In the listing below, find the line that contains "Hopefully this was" and the line that contains "Hi friends, this". Quote both and every line between them, exactly, and nothing more.

(THE RECORDS Opens)

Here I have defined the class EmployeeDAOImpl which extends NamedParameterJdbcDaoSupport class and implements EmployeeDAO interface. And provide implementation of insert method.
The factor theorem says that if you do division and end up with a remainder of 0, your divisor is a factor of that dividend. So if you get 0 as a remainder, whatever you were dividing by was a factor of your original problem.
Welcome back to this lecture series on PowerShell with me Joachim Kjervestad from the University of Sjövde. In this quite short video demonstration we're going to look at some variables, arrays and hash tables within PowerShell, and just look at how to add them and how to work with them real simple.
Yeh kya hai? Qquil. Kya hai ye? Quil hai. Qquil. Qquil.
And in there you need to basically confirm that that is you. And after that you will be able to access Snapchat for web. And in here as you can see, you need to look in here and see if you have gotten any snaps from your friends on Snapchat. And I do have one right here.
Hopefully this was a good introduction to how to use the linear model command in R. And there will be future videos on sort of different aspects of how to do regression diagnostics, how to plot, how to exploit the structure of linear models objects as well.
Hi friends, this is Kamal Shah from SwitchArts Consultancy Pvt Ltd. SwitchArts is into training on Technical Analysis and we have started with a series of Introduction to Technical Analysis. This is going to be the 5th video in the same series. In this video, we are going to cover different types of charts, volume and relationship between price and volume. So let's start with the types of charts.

(THE RECORDS Closes)
(THE RECORDS Opens)

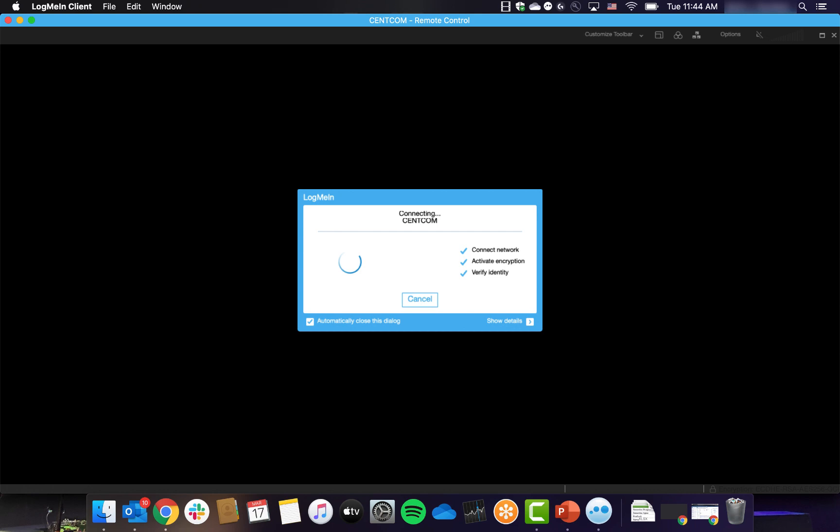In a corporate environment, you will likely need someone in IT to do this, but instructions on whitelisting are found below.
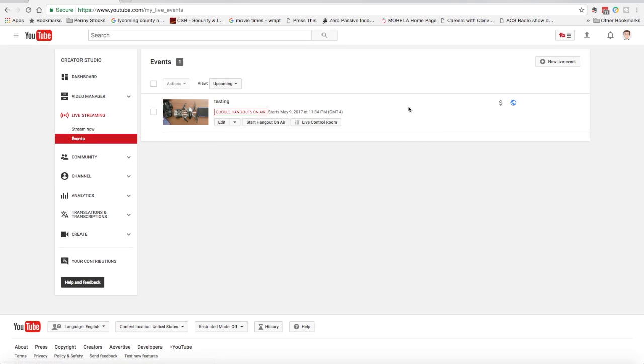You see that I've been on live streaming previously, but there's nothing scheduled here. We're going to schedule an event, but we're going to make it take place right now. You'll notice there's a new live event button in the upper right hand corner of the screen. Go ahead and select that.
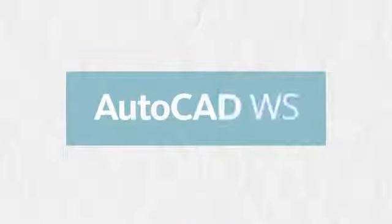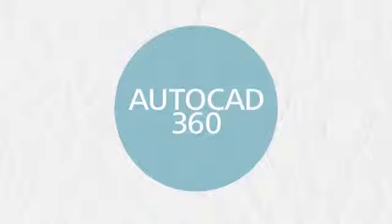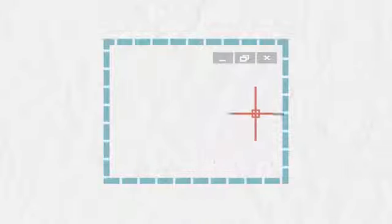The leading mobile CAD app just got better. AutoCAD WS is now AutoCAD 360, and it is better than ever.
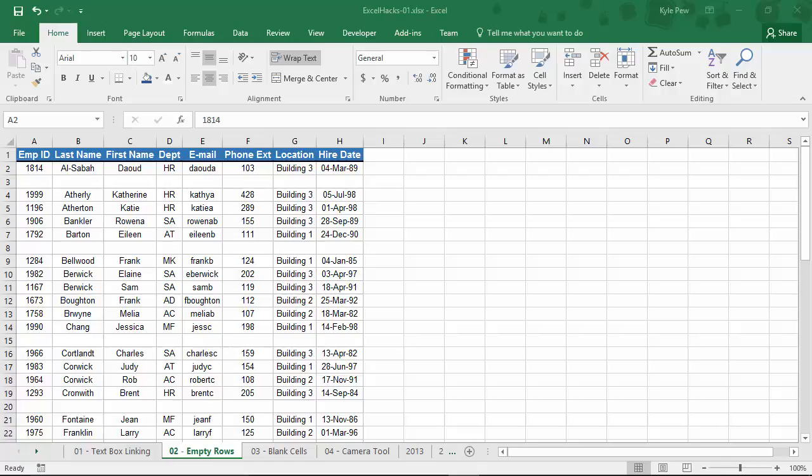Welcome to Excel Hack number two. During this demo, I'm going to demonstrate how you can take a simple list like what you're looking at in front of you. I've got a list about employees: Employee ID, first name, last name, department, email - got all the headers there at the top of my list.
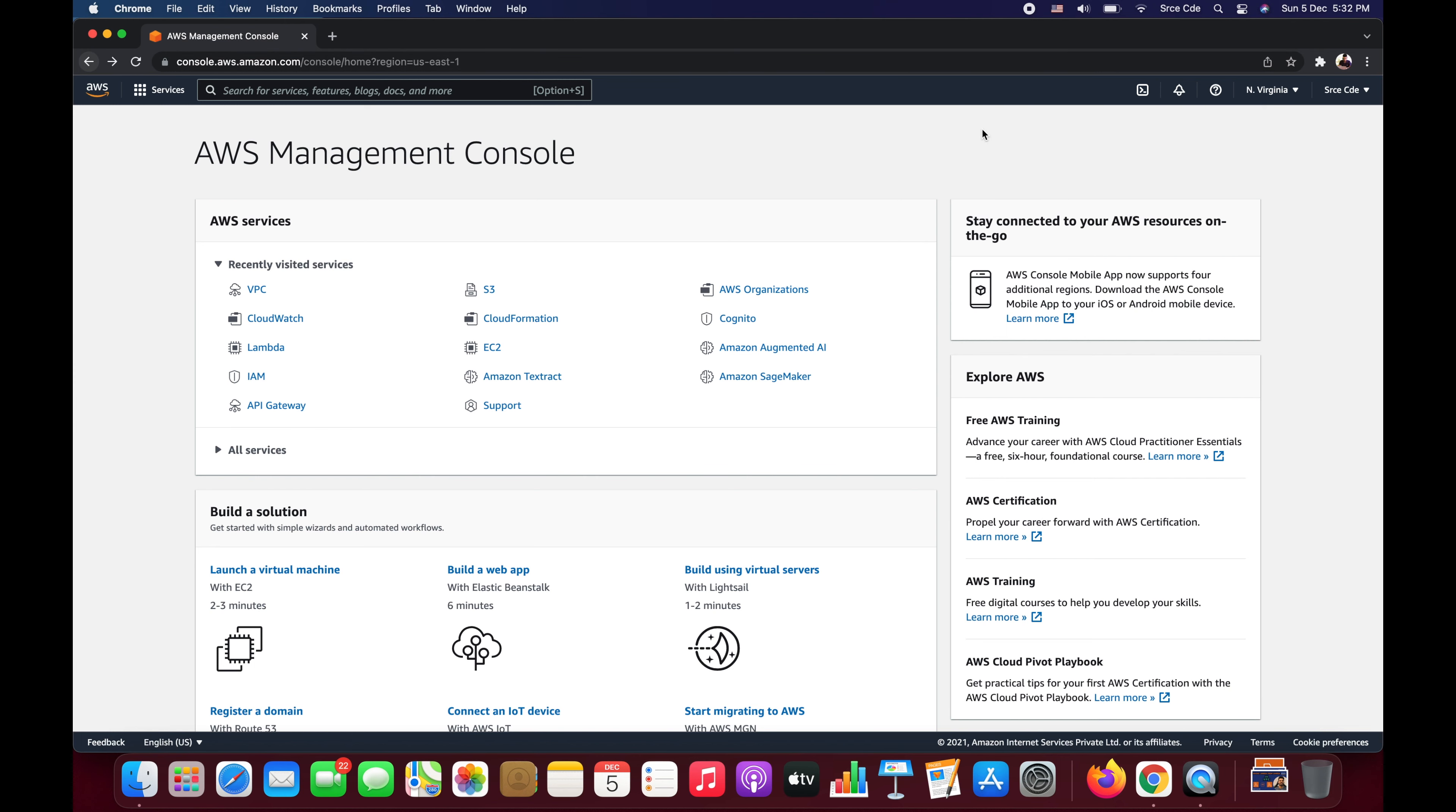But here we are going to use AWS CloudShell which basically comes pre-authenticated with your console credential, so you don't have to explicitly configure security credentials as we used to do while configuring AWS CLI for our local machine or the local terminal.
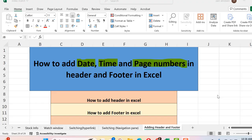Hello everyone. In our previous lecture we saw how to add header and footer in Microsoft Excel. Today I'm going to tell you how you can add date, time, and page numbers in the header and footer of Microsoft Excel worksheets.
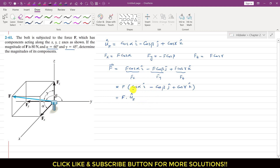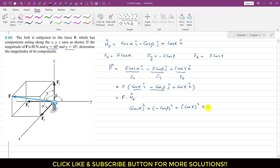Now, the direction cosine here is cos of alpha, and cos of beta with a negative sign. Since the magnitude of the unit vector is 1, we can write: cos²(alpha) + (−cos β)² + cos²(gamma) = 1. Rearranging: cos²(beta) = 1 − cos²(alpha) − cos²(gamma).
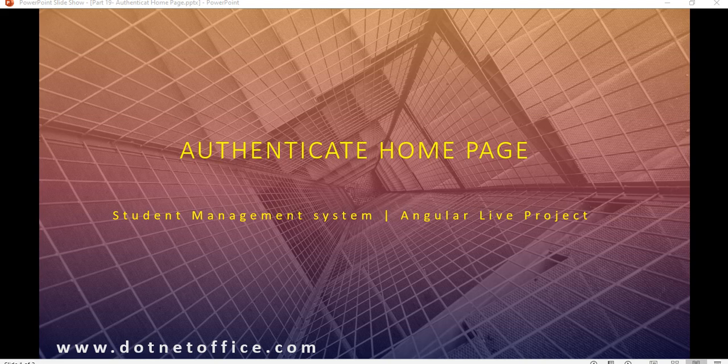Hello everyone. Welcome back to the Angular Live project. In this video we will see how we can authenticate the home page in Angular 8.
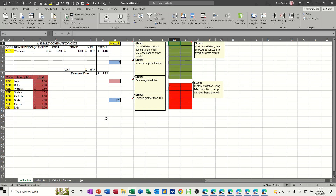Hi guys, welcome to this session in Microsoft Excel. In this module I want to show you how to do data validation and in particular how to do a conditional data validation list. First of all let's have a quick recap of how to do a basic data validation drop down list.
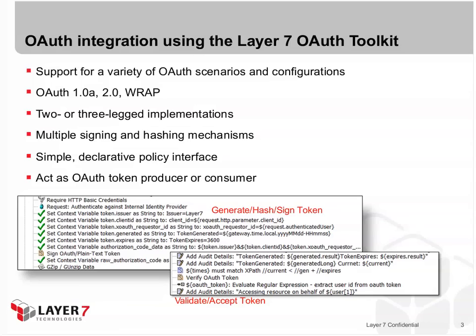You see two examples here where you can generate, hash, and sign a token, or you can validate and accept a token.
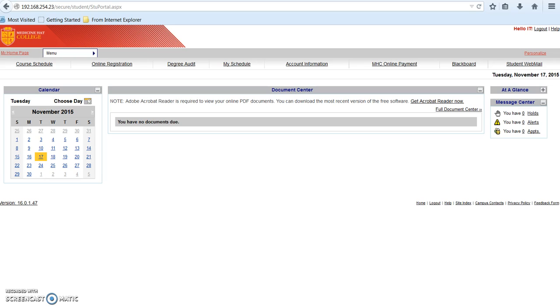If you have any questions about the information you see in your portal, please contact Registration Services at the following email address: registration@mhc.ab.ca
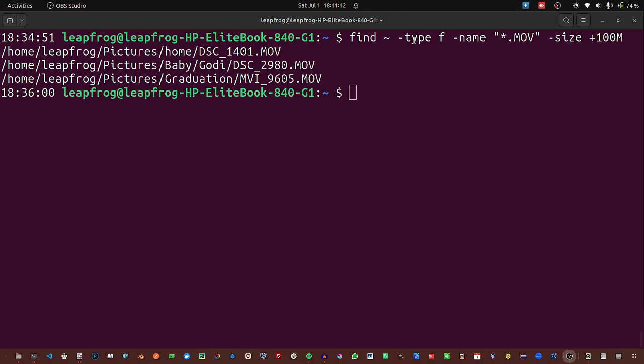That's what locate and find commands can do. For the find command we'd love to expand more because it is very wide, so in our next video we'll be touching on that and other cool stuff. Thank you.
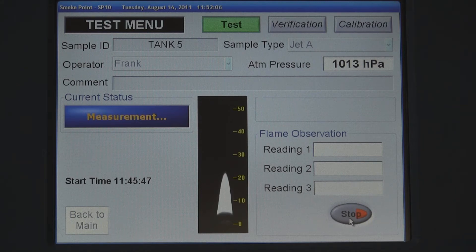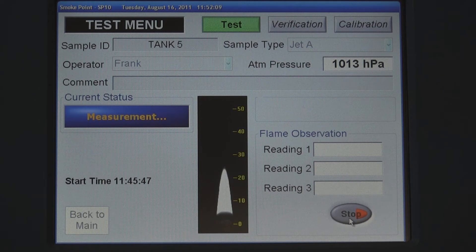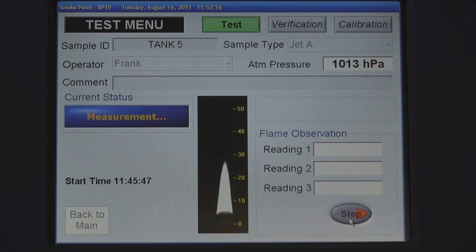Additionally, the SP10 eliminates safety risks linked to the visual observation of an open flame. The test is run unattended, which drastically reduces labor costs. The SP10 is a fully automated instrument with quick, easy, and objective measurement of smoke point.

(THE RECORDS Closes)
(THE RECORDS Opens)

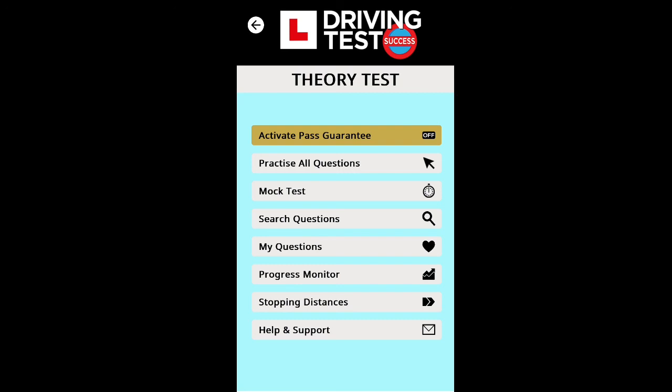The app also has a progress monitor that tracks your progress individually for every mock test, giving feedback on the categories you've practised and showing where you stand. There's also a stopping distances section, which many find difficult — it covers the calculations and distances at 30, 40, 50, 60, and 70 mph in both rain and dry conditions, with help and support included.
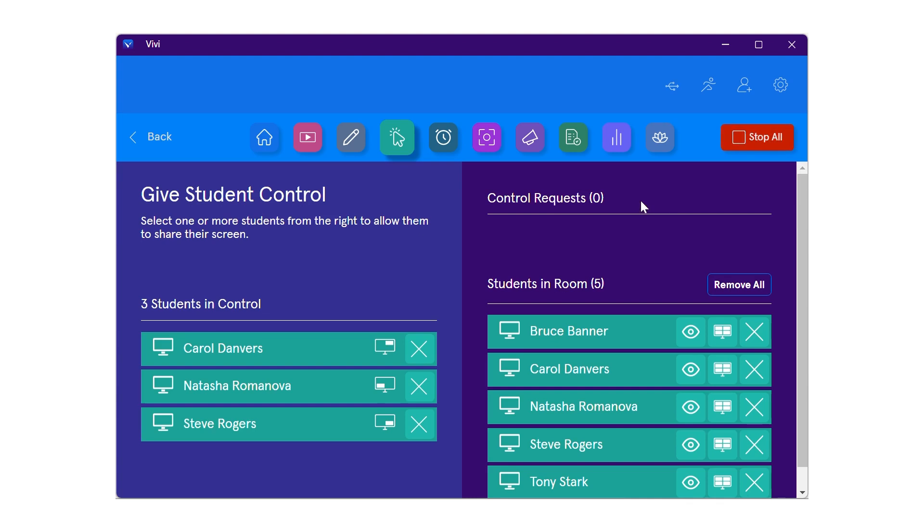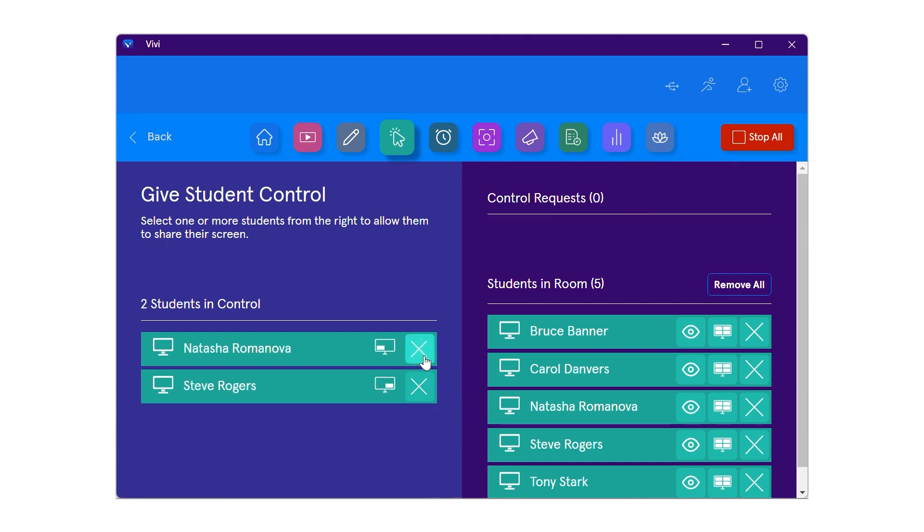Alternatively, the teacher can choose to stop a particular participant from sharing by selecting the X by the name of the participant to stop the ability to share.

(THE RECORDS Closes)

**OUTPUT FOR THIS TASK**
Hopefully this was a good introduction to how to use the linear model command in R. And there will be future videos on sort of different aspects of how to do regression diagnostics, how to plot, how to exploit the structure of linear models objects as well.
Hi friends, this is Kamal Shah from SwitchArts Consultancy Pvt Ltd. SwitchArts is into training on Technical Analysis and we have started with a series of Introduction to Technical Analysis. This is going to be the 5th video in the same series. In this video, we are going to cover different types of charts, volume and relationship between price and volume. So let's start with the types of charts.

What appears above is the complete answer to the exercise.